The study, conducted in collaboration with Rutgers University in New Jersey and The University of Miami, looked at how adequately different state school systems were funded, based on 125 different factors such as cost of living differences and state wealth. This is an excerpt from the study’s executive summary.

“Good school finance systems compensate for problems that states cannot control (e.g., student poverty, labor expenses) by directing financing to districts that need it the most. We developed a system to evaluate states based mostly on how effectively they achieve this balance. We evaluate each state’s funding while directly accounting for the children and communities serviced by its public schools.

“This is significant because how much a specific district or state spends on its schools alone is a pretty crude indicator of how well those schools are supported. High-poverty districts, for example, require more resources to accomplish a certain outcome goal—say, a specific average score on a standardized test—than more affluent districts. In other words, education expenses differ based on student populations, labor markets, and other variables. That is a crucial principle in school finance.

In the study, states were ranked and scored on a scale of 1 to 100 for financing adequacy. Alaska had a score of 95 out of 100, trailing Wyoming (97 points) but ahead of New Hampshire (86 points), Maine (85 points), and New York (83).

Florida had the lowest funding level, receiving a score of 12 out of 100. North Carolina came in second with 13 points, followed by Nevada with 14.

It is remarkable that despite being dead last in budget sufficiency, Florida produces some of the finest student achievements in the US. Florida ranked first in the United States for both reading and math scores for low-income fourth graders on the 2022 National Assessment of Educational Progress (NAEP). Florida also ranked third in fourth grade reading and seventh in fourth grade math for students from upper/middle-income families. Alaska was ranked 51st, 48th, 50th, and 49th in the same categories.

But who cares about fourth-grade scores? What actually important is the quality of high school graduates produced by a system, correct? The percentage of students who graduate with an Advanced Placement (AP) test score of 3 or higher is likely the strongest measure of the quality of pupils graduating from a system. In 2022, 28.8% of Florida high school graduates passed at least one AP test with a 3 or above, the third highest rate in the US. Alaska ranked 45th in the United States for that category, with only 11.9%.
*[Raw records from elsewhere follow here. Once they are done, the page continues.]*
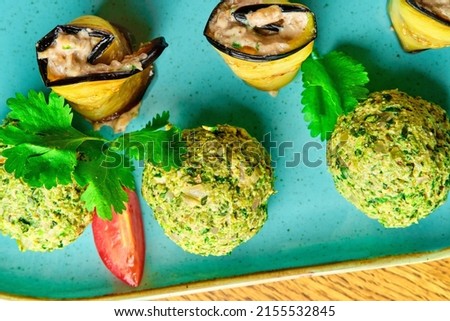 Vegetable balls with eggplant. Georgian cuisine. On a blue plate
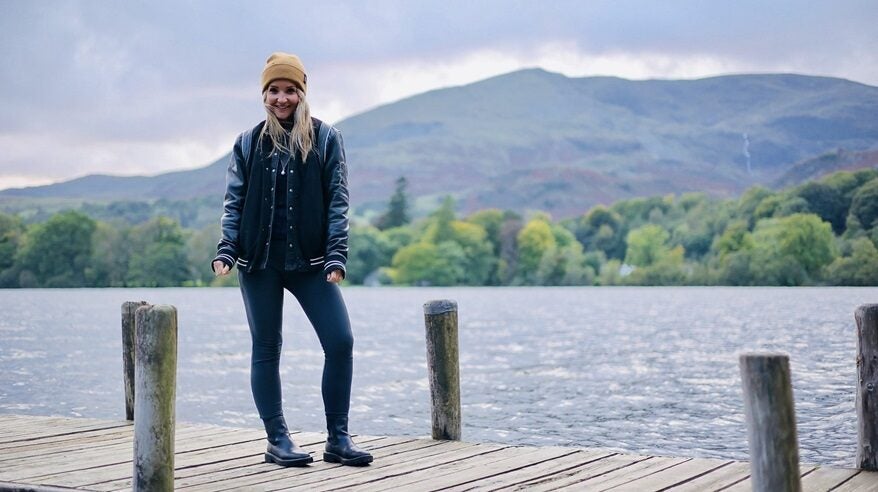 Presenter Helen Skelton standing on a decked board with the Lake District in the background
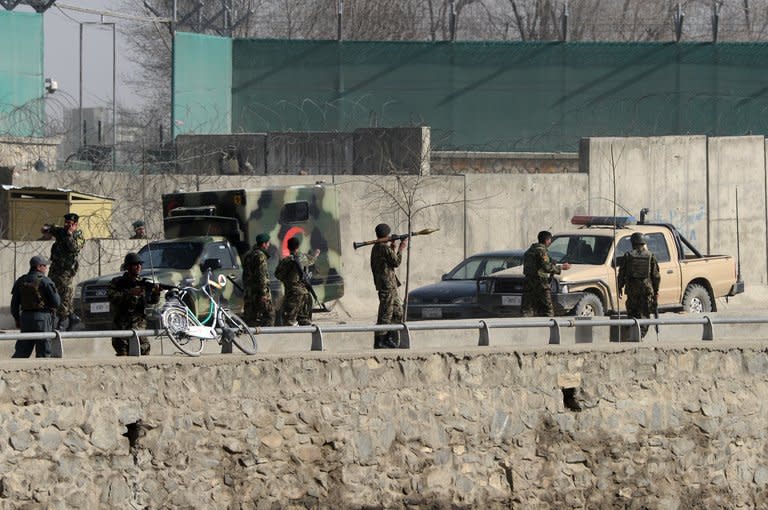 Afghan National Army soldiers and security personnel pictured at the site of a suicide attack, next to the ministry of defence in Kabul, on March 9, 2013. The blast came during a visit to the Afghan capital by new US Defense Secretary Chuck Hagel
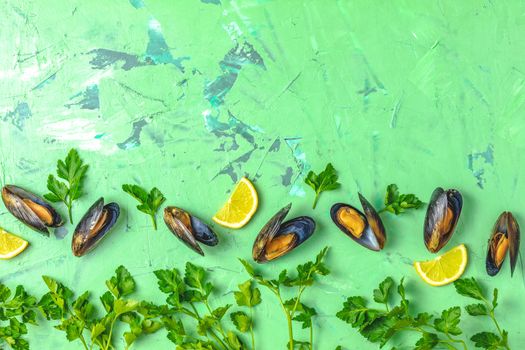 Seafood mussels with lemon and parsley on green concrete table surface, top view, copy space for you text, food background
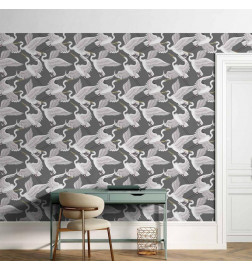 Papel pintado - Flying birds – a delicate pattern of white and grey herons on a grey background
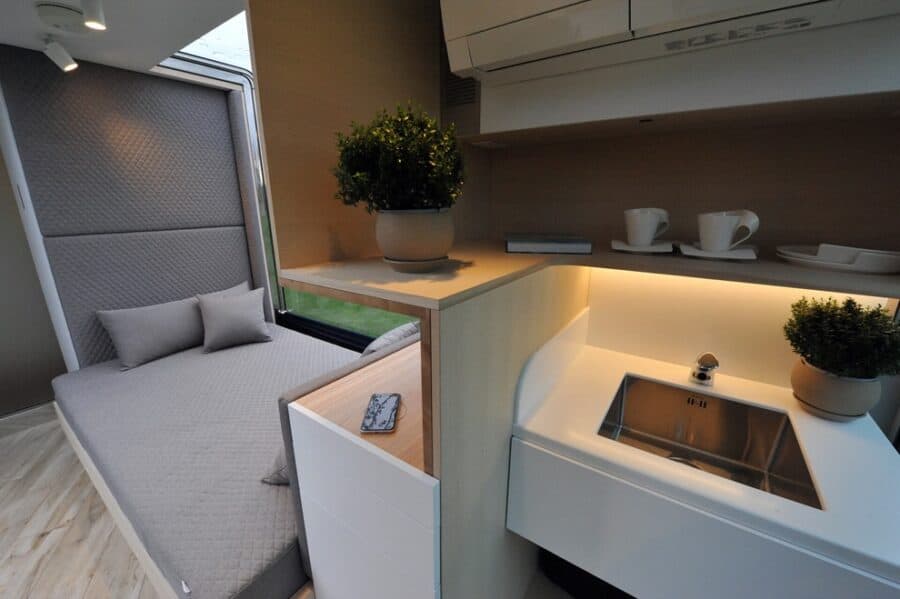 Compact tiny house kitchen and sleeping area with modern decor.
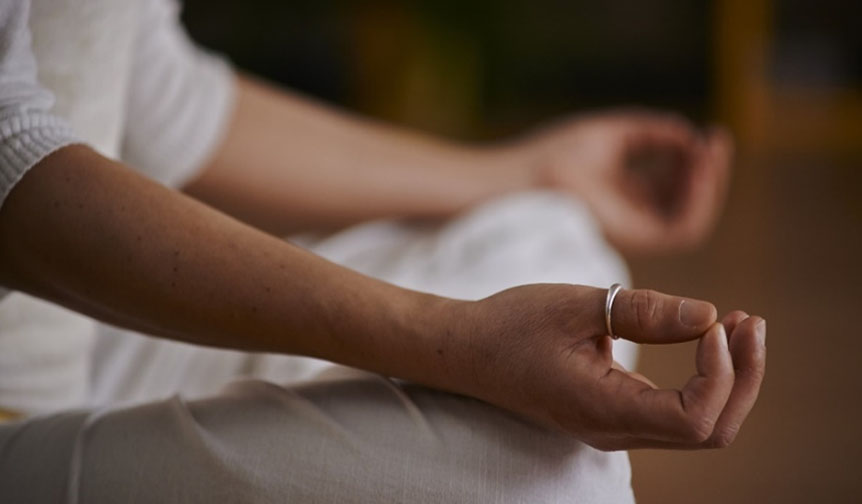 Guy meditiating in his student room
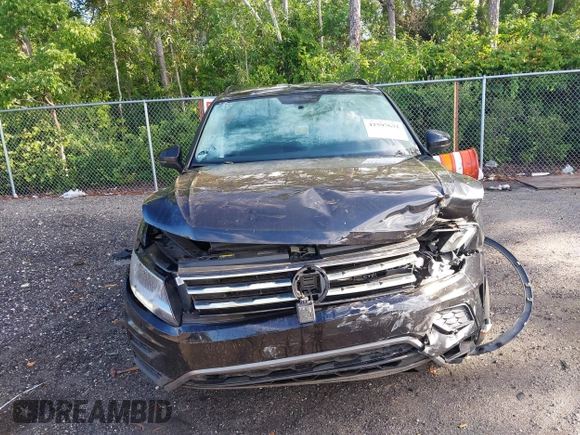 2020 Volkswagen Tiguan S z VIN 3VV1B7AX7LM133084, wystawiony jako IAAI lot #42597631 z przebiegiem 84 415 mil mil oraz . Historia ofert i sprzedaży dostępna na DreamBid. Obrazek 6.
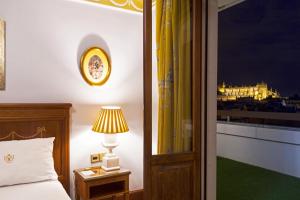 a bedroom with a bed and a lamp and a window at Hotel Inglaterra in Seville +47 photos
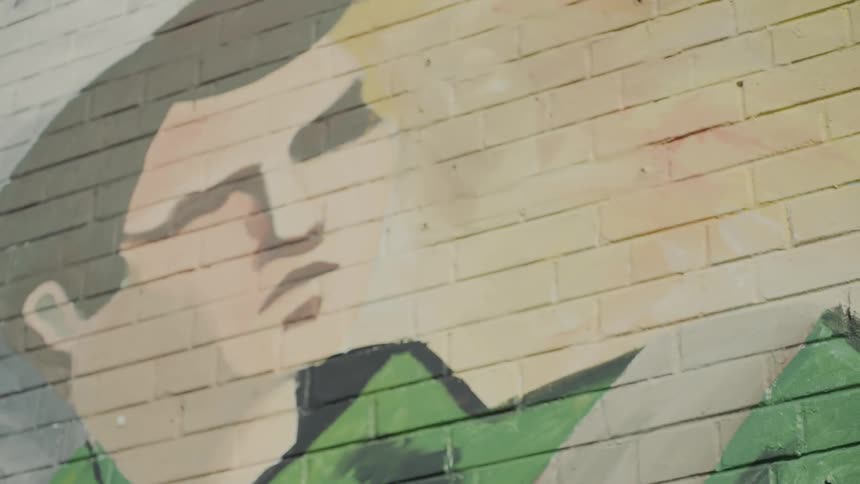 A mural of a man on a painted brick wall
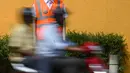 Pengendara melintasi manekin pria berseragam polisi lalu lintas di persimpangan jalan di Bangalore, India, Senin (16/12/2019). Polisi manekin itu diharapkan bisa mengelabui pengemudi yang akan mengiranya sebagai polisi asli sehingga mengurungkan niat melanggar lalu lintas. (Manjunath KIRAN / AFP)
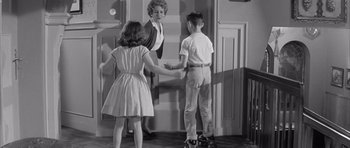 Movie still from “One, Two, Three” (1961), directed by Billy Wilder – A black and white photo of a woman and two young children; Medium shot, Over the shoulder angle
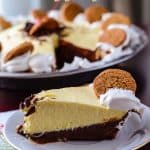 Black Bottom Eggnog Pie | A rich, dark chocolate ganache pudding base, topped with a light and fluffy eggnog mousse, and layered in a spicy gingersnap crust. Say goodbye to the holidays with style!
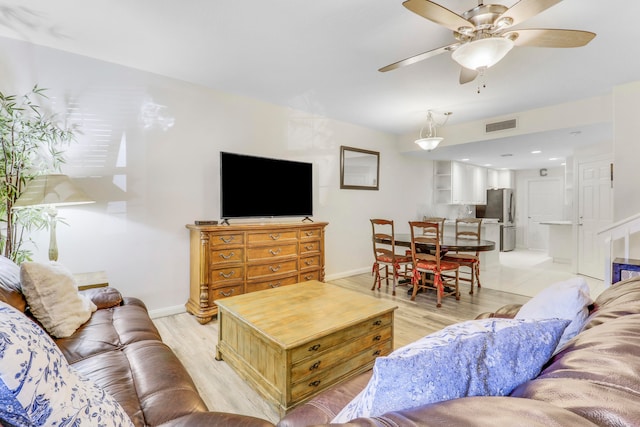 living room featuring light hardwood / wood-style flooring and ceiling fan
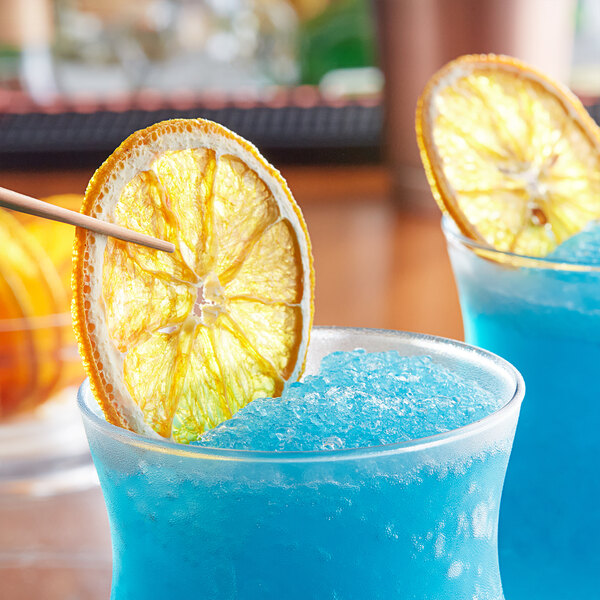 Two blue drinks garnished with dried navel orange slices.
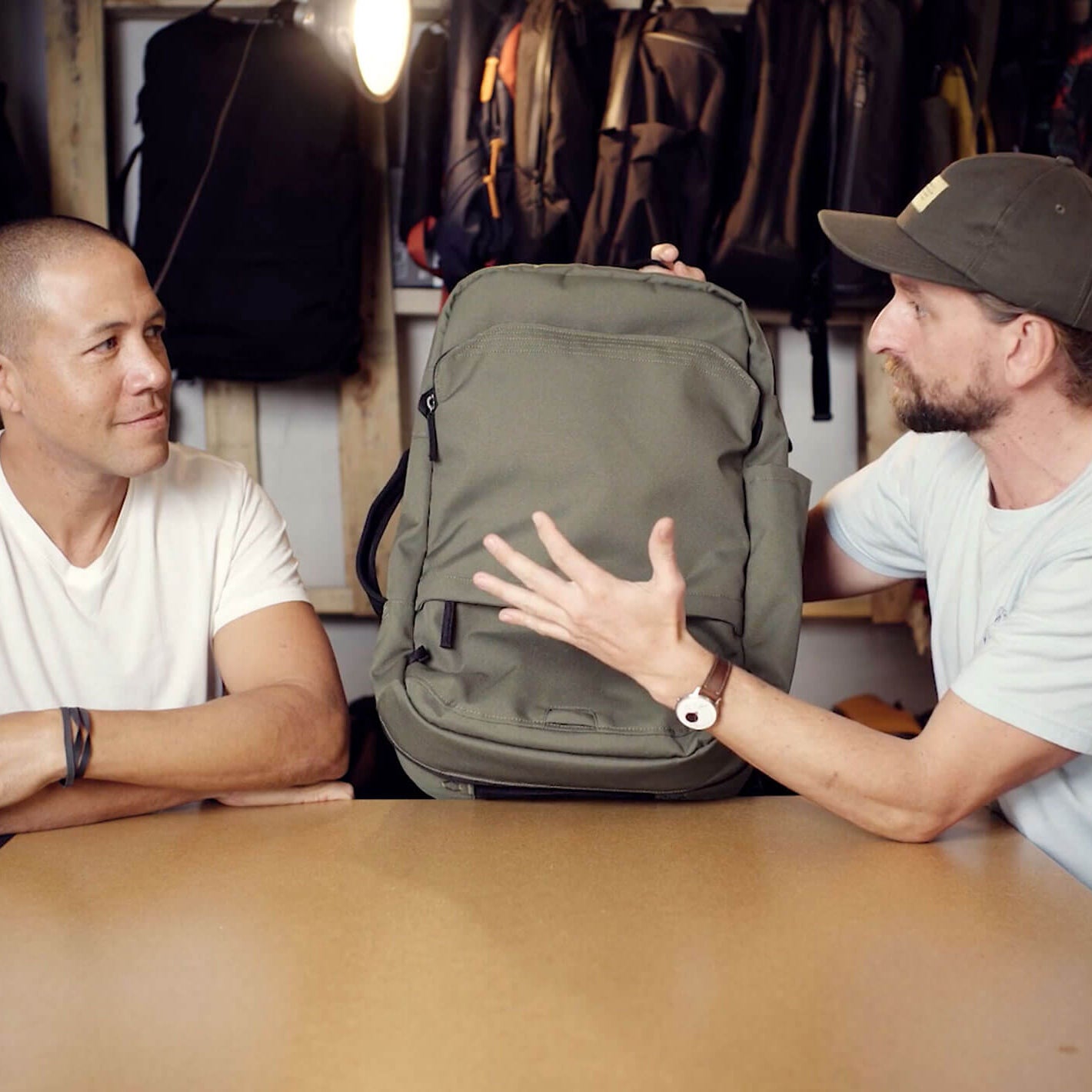 Two men sitting at a table, one holding and showing a green V1 Travel Backpack to the other in a store or workshop setting with backpacks hanging in the background.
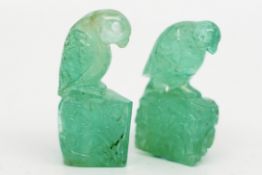 A pair of carved emerald parrot figures, approximately 167cts of emerald finely carved with a parrot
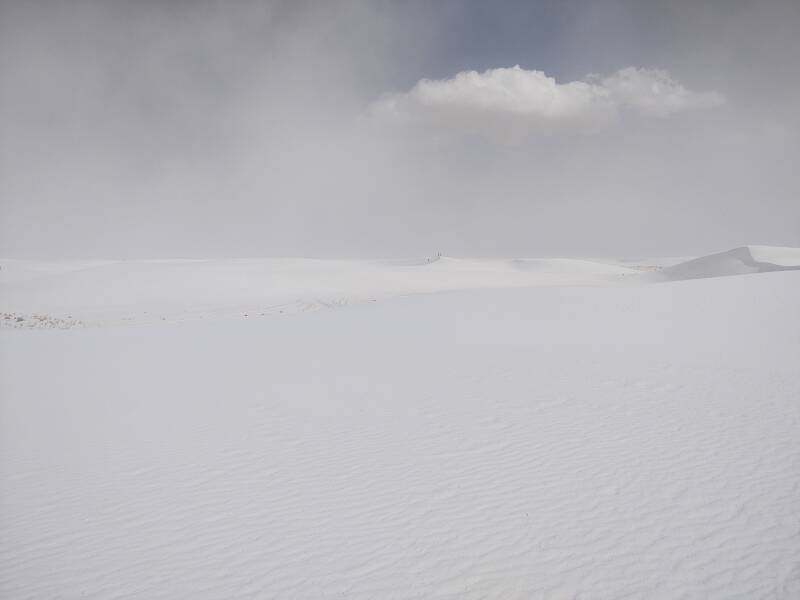 Trail marker pole barely visible at White Sands.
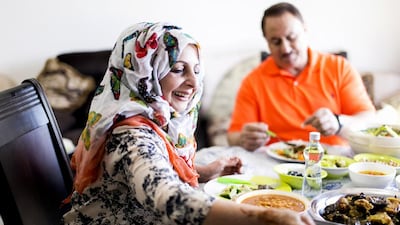 Basima Al Tamimi and her husband Aziz Al Tamimi enjoy a Iraqi meal at their home in Abu Dhabi. Reem Mohammed / The National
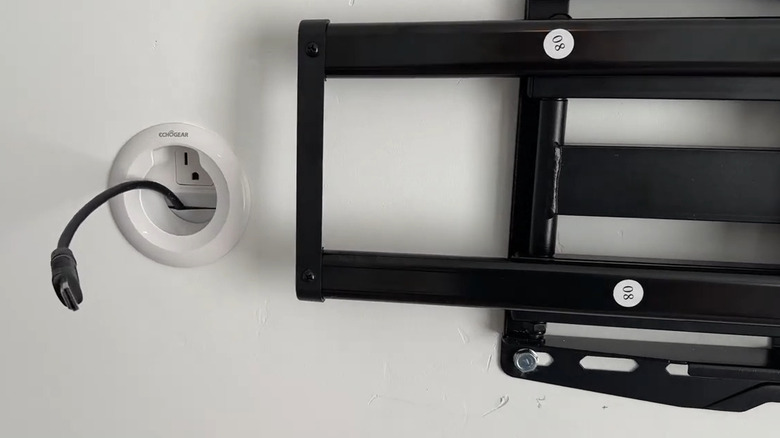 a black cable emerging from a wall grommet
The Rutgers analysis has one limitation: it only includes state and local K-12 financing. Alaska receives the most government assistance by far, at $3,343 per pupil. That’s 85% higher than the national average of $1,808 and 16% higher than the second-highest state (North Dakota). Florida ranked 28th in the nation in federal government funding per student at $1,681, despite having a far greater poverty rate and a much larger percentage of pupils who do not speak English “very well” than Alaska.

According to the Rutgers study, Alaskans devote a greater portion of their overall GDP to K12 education than the vast majority of states – both on a state and municipal level. That comes from researchers in New Jersey and Florida who have no motivation to make Alaska look good or bad in this sense.

Some would argue that the governor cherry-picked that particular study. I do not think so. I looked for nationwide adequacy studies that came to a different conclusion than Rutgers, but I couldn’t find any.

The Anchorage School District did pay for a local adequacy funding study by a well-known business that charges hundreds of thousands or even millions of dollars to undertake such assessments. I’m curious how much repeat business that firm would receive if they hadn’t reached the results the clients were seeking for before the study was began.

We’re long overdue to figure out how to direct our generous contributions to K12 on positive results for our children. Record gains in state K12 funding without real reform are like doing the same thing over and over again and expecting a different outcome. Insanity.